- [Task instructions]: When you reach the line containing "منتخب السودان_2" in the entries below, begin reproducing lines exactly, and stop once the line containing "Il matrimonio di" is done.

*** Opening Material provided ***

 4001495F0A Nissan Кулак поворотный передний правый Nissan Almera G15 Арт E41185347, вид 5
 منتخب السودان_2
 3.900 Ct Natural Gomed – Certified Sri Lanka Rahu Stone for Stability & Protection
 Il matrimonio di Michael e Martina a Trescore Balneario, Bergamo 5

*** Closing Material provided ***
*** Opening Material provided ***

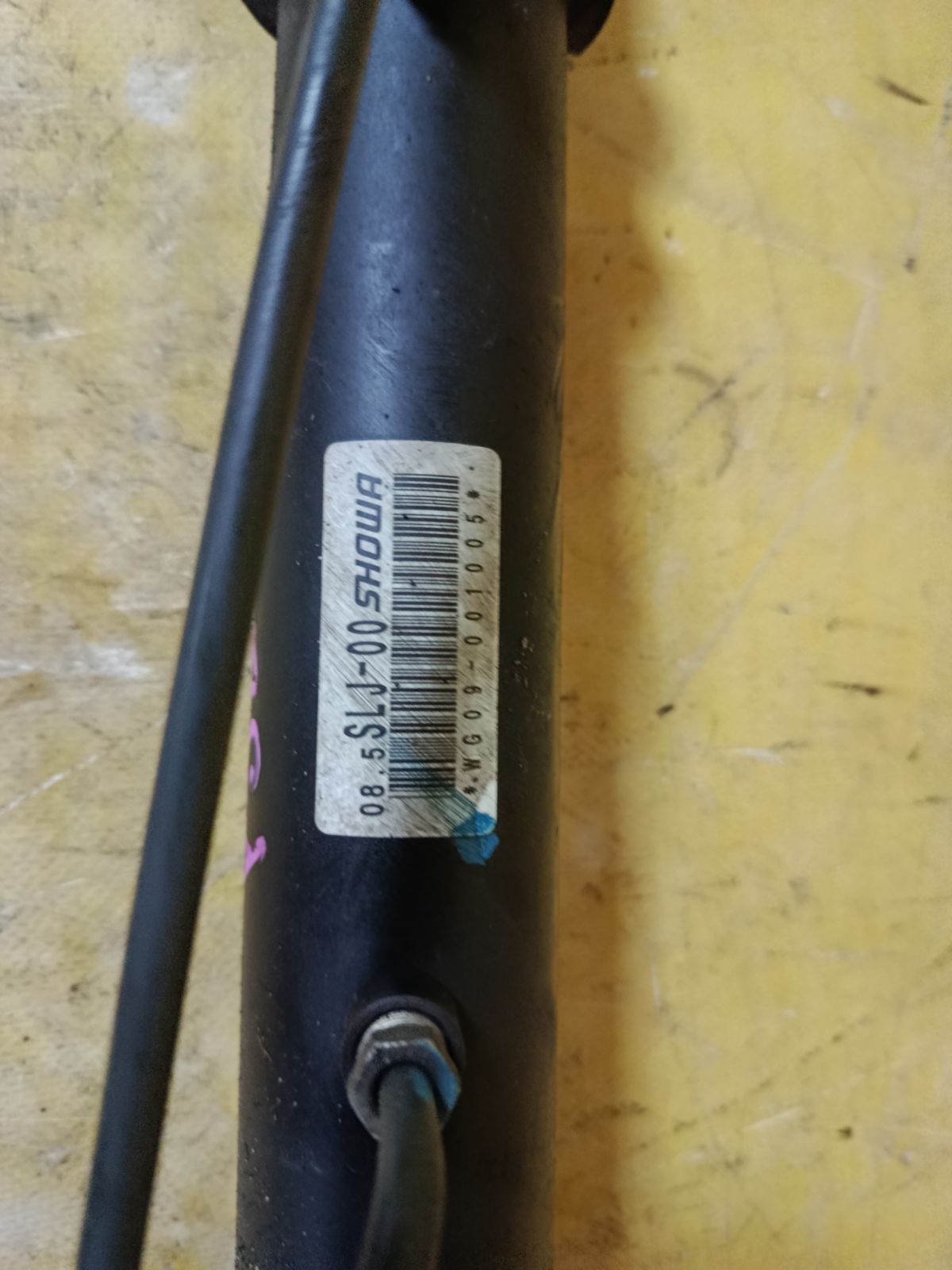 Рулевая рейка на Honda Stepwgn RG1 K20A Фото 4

*** Closing Material provided ***

- [Reply]:
 منتخب السودان_2
 3.900 Ct Natural Gomed – Certified Sri Lanka Rahu Stone for Stability & Protection
 Il matrimonio di Michael e Martina a Trescore Balneario, Bergamo 5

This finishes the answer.